Review: Reeve Lindbergh's memoirs are a must read for anyone who has read the diaries and letters of her mother and father, Charles and Anne Morrow Lindbergh. Reeve's disclosures on what it was like growing up as a Lindbergh tie all the rest of the books about the family together. The passages concerning the kidnapping of Reeve's brother are haunting, and for the first time, you see this child as someone's brother, not a subject of a newspaper account. The similarity between Reeve Lindbergh's writing style and that of her mother's is striking and quite poignant.

Rating: 4 stars
Summary: Kudos to Reeve
Review: Somehow you just imagine that children of the famous are well taken care of and have a choice of things to do with their lives. Being a student of the Lindbergh writings and accomplishments for more years than I care to admit; I gave little thought to the children of Charles and Anne. If you read the writings of Charles Lindbergh you get a sense of a life well ordered and possibly ridgid, of a disaplined mind and a man who requires disapline around him. It never gave me cause to think about what kind of father he would be, but I had my suspicions. It was refreshing to read about the good times as well as the bad with her Father. It eases the mind to know that he wasn't a "Daddy-dearest", however he had his quirks. Reeve paints a story about a life before and after losing her father that is rewarding and taxing, just like our own. About loss and gain, but mostly loss. However after losing people close to you, it's hard to not focus on the loss. I finished this book and was emotionally drained, Reeve takes the reader on a roller-coaster emotional ride.. much like her Mother's writings. When all is said and done I had answers to questions I had wondered and learned new things I had not known before.
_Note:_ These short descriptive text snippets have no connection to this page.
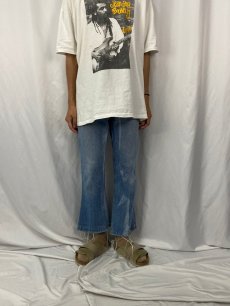 画像2: 70〜80's Levi's 646-0217 オレンジタブ ベルボトムデニムパンツ W31 (2)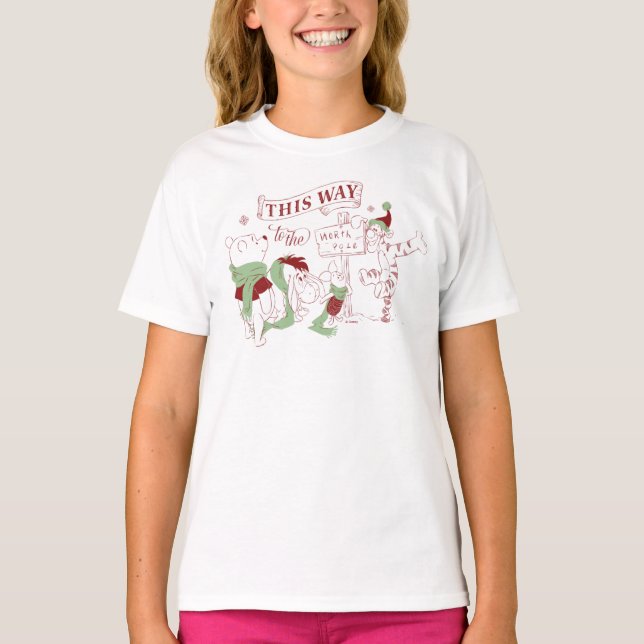 Winnie the Pooh | Christmas Graphic T-Shirt (Front)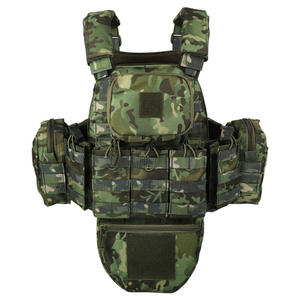 Gilet tattico personalizzato nero verde kaki Camo da esterno regolabile <span class=keywords><strong>Molle</strong></span> sistema di allenamento in poliestere - Product Image 4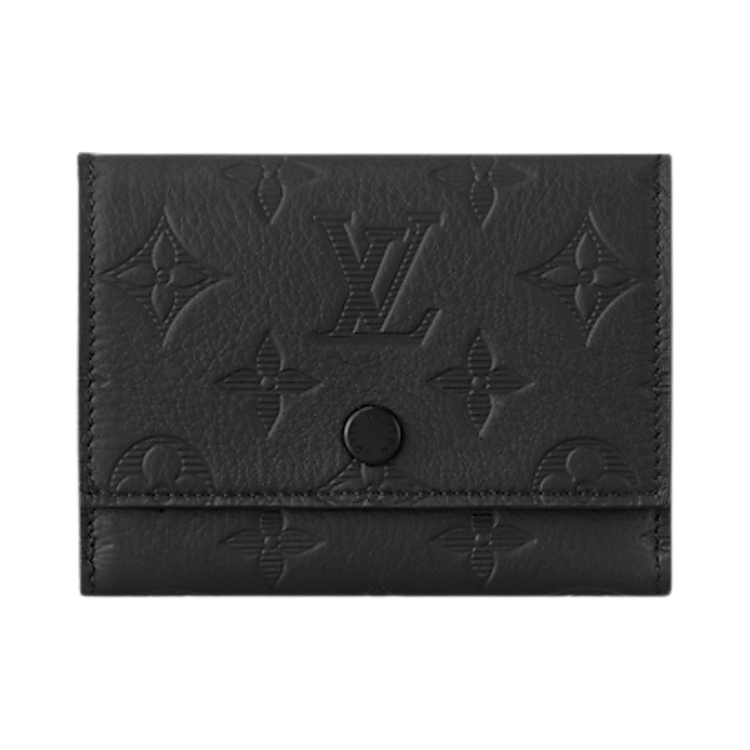 Louis Vuitton Victor Wallet 'Black Monogram Shadow Embossed Cowhide Leather'
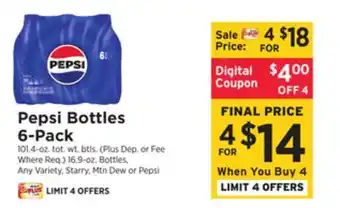 ShopRite Bottles 6-pack offer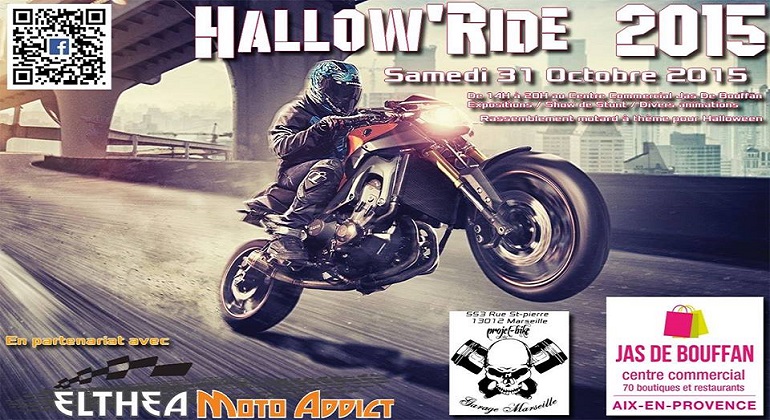 Hallow'Ride 2015 aur Aix en Provence avec Adept' Moto
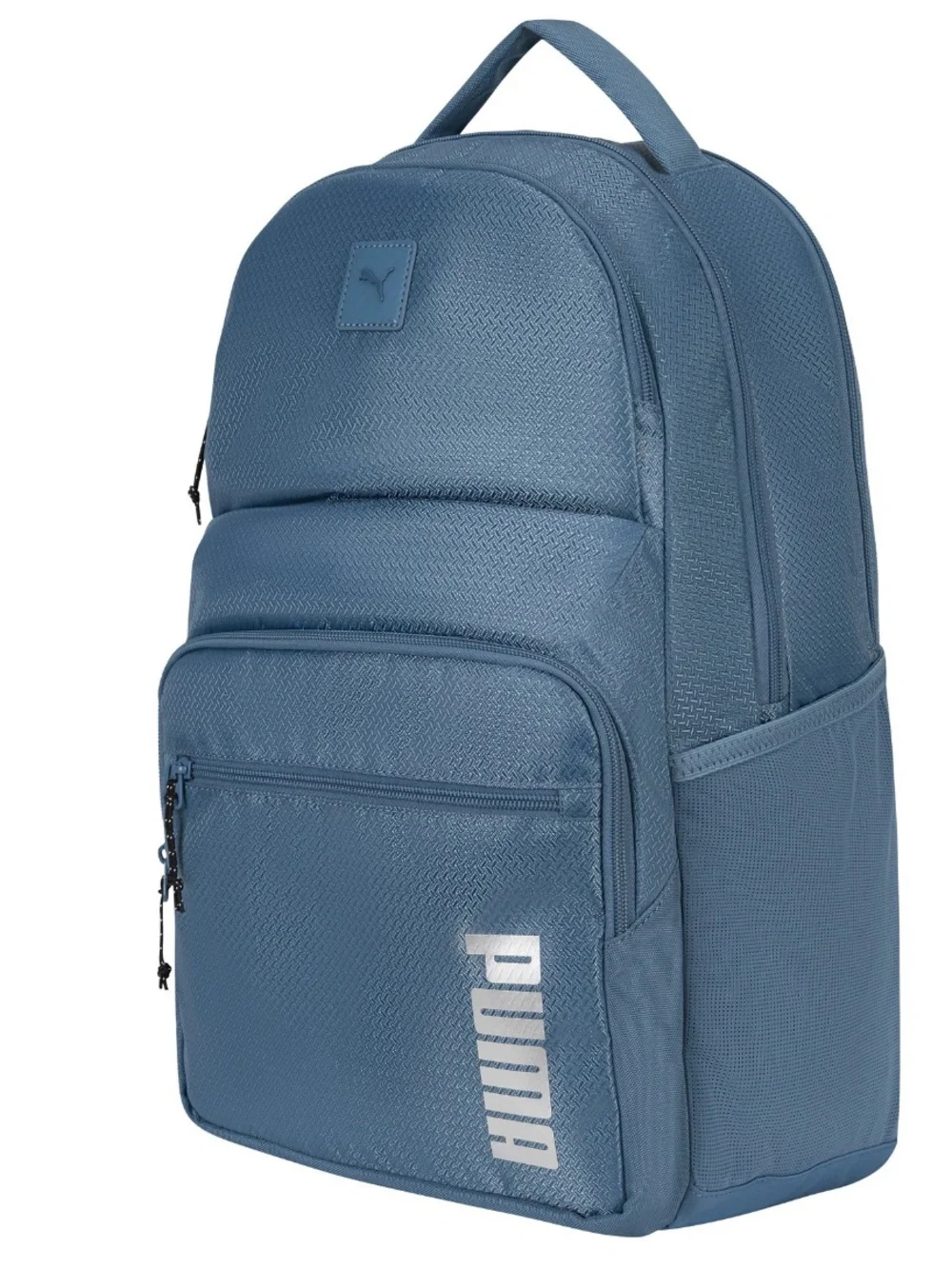 Puma Light Blue Text Logo Backpack . Unlimited
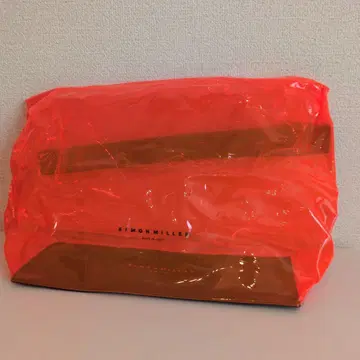 SIMONMILLER 오렌지 클러치백 스켈레톤 사이먼밀러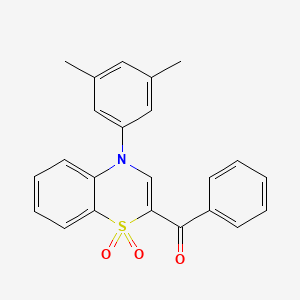 molecular formula C23H19NO3S B2767070 [4-(3,5-dimethylphenyl)-1,1-dioxido-4H-1,4-benzothiazin-2-yl](phenyl)methanone CAS No. 1114658-00-2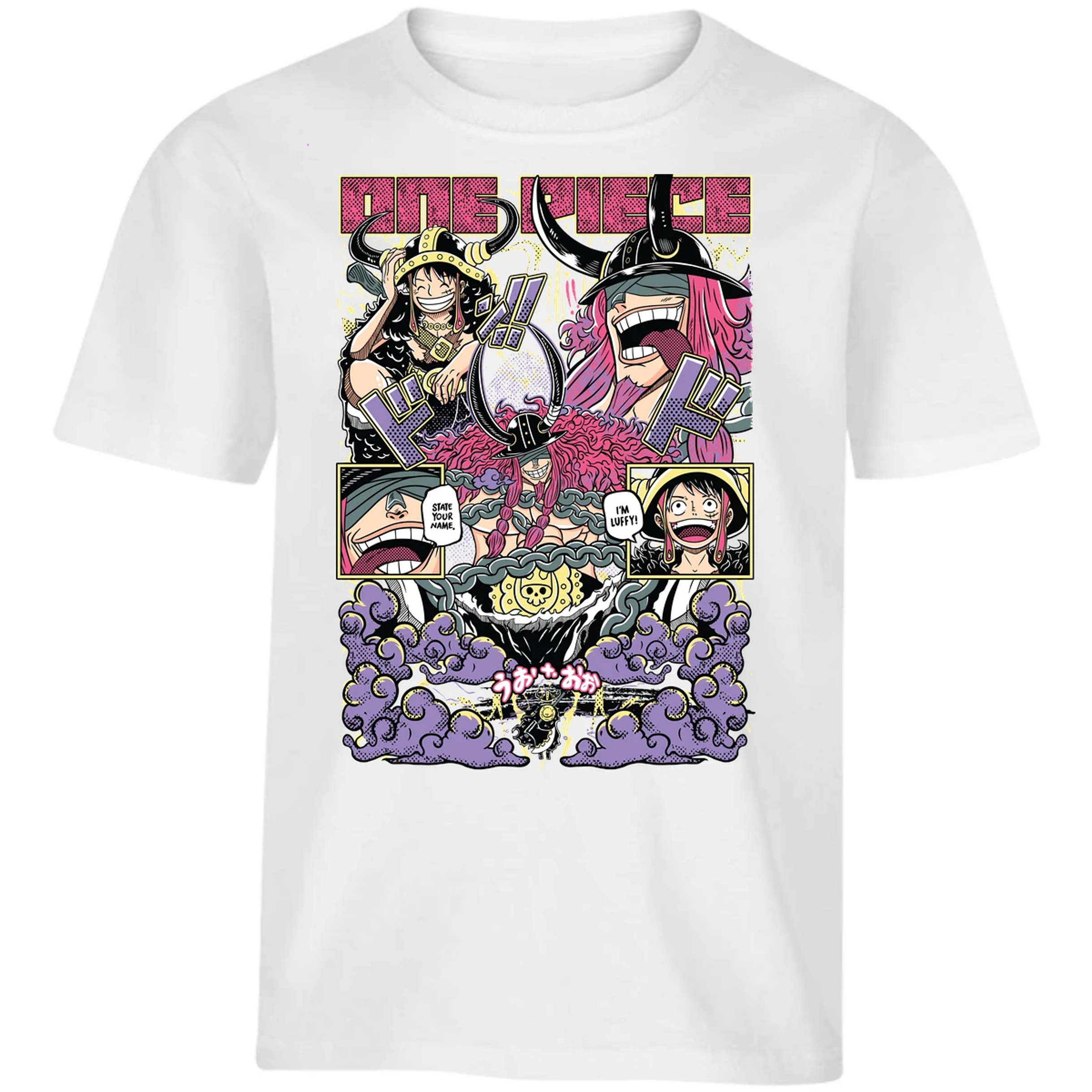 Playera One Piece Luffy Loki para Niño 14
What more could you ask of a book?

Rating: 5 stars
Summary: Opens the door to a mysterious family
Review: There can be no doubt that Reeve Lindbergh's memoir is the most touching book about that family that I have read. Through her eyes we go beyond the covers of other books and see what it really meant to be a Lindbergh.

They were almost a closed society onto themselves, yet they still experienced the same joys and sorrows as the rest of us. We find the man who was depised as an isolationist to be a concerned and loving father who read to his children.

We dine with the children at their grandmother's house and we soar above the Connecticut house on Saturdays. The famed aviator at the controls and a bored child in the rear seat.

After reading this book I felt very attached to this famous family. Being the same age as Reeve herself, my only knowledge of the Lindbergh's was the famous flight and the kidnapping as I read in history books. Now, after this book, I feel as though I have become part of them.

It can only be summed up in one word, wonderful.

Rating: 4 stars
Summary: Raves for Reeve
Review: This beautifully written book tells what it's like to grow up as one of the Lindbergh children. What otherwise was a most private family, Reeve opens the door to their New England home and lets us see the personal side of Charles and Anne. She writes honestly, though at times it must hurt, and does address the subject of the kidnapping head on. If you've ever had an interest in any facet of the Lindberghs' life, do not miss this important book.